An Albatross

  • Berlin
  • Germany
  • Golden Gate
  • 2006-02-02

An Albatross are famed for a vehement thrash that rides through minute long tracks. It is also widely accepted that this band peforms their act well live, and that vocalist Edward B. Gieda III has an insantiable appetite for all the facets of a true glam/thrash diet. Whether you’re compelled by the possible irony in the visage of this band — or you’re simply a true fan of a gothic gameshow style of hardcore metal — the satisfaction you will find will be one and the same.

…Watching him was staring at a live video of Iggy Pop on fast forward

The band stripped the paint from the walls of this awful venue with an extremely corrosive initial outburst of antagonising ‘riffage’ and a digital breakdown on the keys.

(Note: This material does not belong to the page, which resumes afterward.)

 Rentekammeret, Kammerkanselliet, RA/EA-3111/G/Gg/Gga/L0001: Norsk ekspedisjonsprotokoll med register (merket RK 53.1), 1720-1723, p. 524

In fact, the premiere of their sound was pretty much what was to expected through the whole set: walls and walls of thrash quenching noise. Apart from staring at the waves of permed hair making faces at me from the heads of some frenetically tapping Pennsylvanians, I was obviously spending most of my time staring at the clamorous acts of the vocalist. Watching him was staring at a live video of Iggy Pop on fast forward. I was most definitely impressed. Someone commented on his “over enthusiasm”, which I think is one of the most absurd things I have ever heard. Firstly, what other choreography could you recommend to a man fronting a band like An Albatross? Secondly, there was a plethora of prosaic people in the audience; with most of them gaping cluelessly at the whole thing it was probably amusing to perform in such a beserk manner.

…a cymbal crash and a key smash

With a cover of Arthur Brown’s classic “Fire”, An Albatross superseded their usual short track length. It probably even went on for a good two to three minutes, and presented their cover with such a hellish psychedelia it would have made Brown proud. With the ending of their set near, they repeatedly proclaimed that they’d be playing one more — which was usually the striking of one chord over two layers: a cymbal crash and a key smash. I think this band certainly find it mirthful to act and play the way they do, and I’m behind them. We should all have an inner ardour for the jokey nature of the epic thrash sound, and it would be contemptible to attempt to ignore it by not enjoying this band live.